L’autore statunitense ha una passione nello scrivere di scrittori: oltre a conferire tratti parzialmente autobiografici a molti protagonisti, alcuni confluiti in film e sequel di successo, King si è inserito direttamente nella sua opera più importante, la saga La Torre Nera, dove si assegna un ruolo centrale. I protagonisti del racconto infatti “escono” dallo stesso per incontrare il loro autore: addirittura King viene salvato dagli stessi nel 1999, quando fu veramente in pericolo di vita dopo essere stato investito da un automobilista. Difficile non vedere una sorta di ringraziamento alle proprie creature, che nella finzione del romanzo come nella realtà personale l’avrebbero salvato.

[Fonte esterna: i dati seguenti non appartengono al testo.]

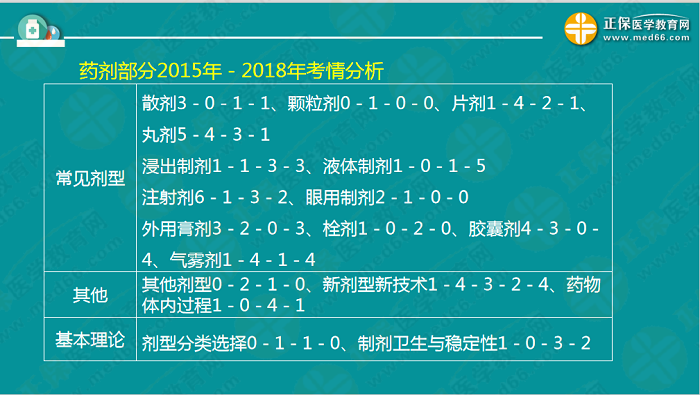 【視頻】考前70天！錢韻文教你如何高效復(fù)習(xí)執(zhí)業(yè)藥師！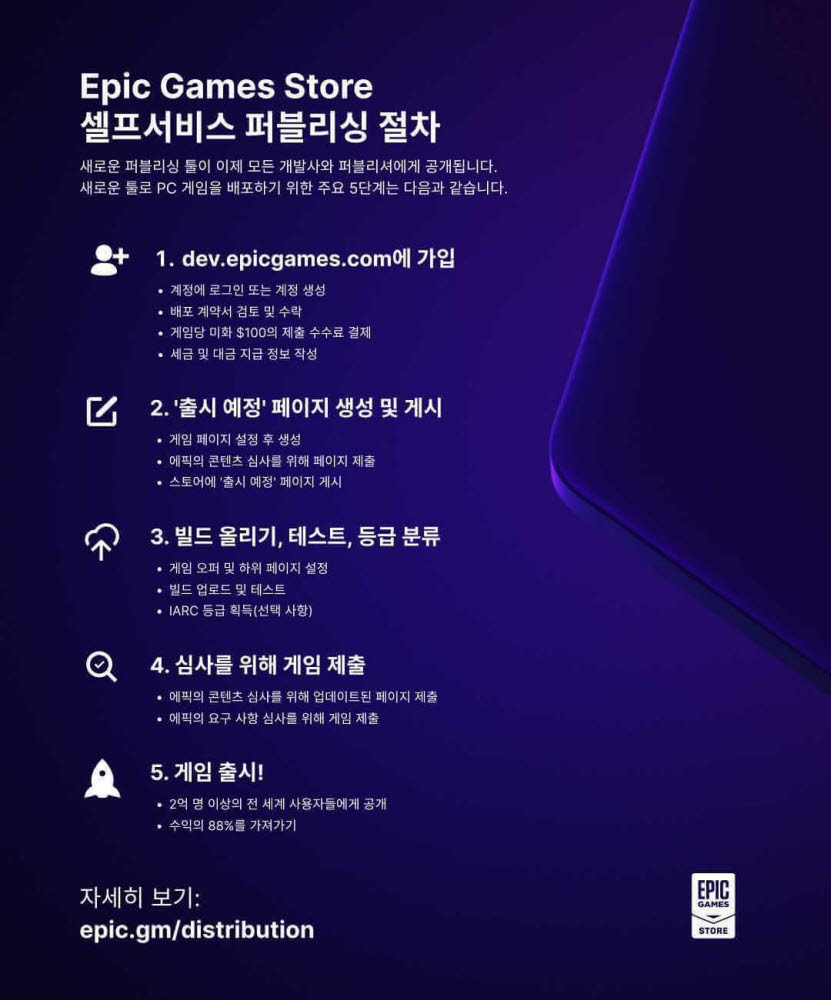 에픽게임즈 스토어 셀프서비스 퍼블리싱 절차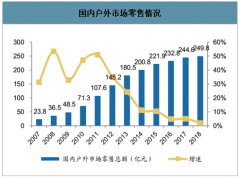 2018年中國(guó)戶外用品行業(yè)發(fā)展現(xiàn)狀及發(fā)展前景分析：我國(guó)戶外活動(dòng)參與率仍低，市場(chǎng)發(fā)展空間巨大[圖]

Arthur Conan Doyle – Dr. John Watson

I lettori di Sherlock Holmes, o gli spettatori della serie TV, ricorderanno che in entrambe il coprotagonista, il dottor Watson, è un medico militare con esperienza in Afghanistan: un tratto condiviso, tolta l’esperienza militare, con il suo autore. Conan Doyle era infatti laureato in medicina e chirurgia, mestiere che esercitò come assistente in vari studi medici prima di dedicarsi alla scrittura. Il dottor Watson, costante contraltare del detective Holmes, è a tutti gli effetti un alter ego del suo autore, riflesso dell’ammirazione dallo stesso provata nei confronti dei luminari con i quali si era trovato ad avere a che fare.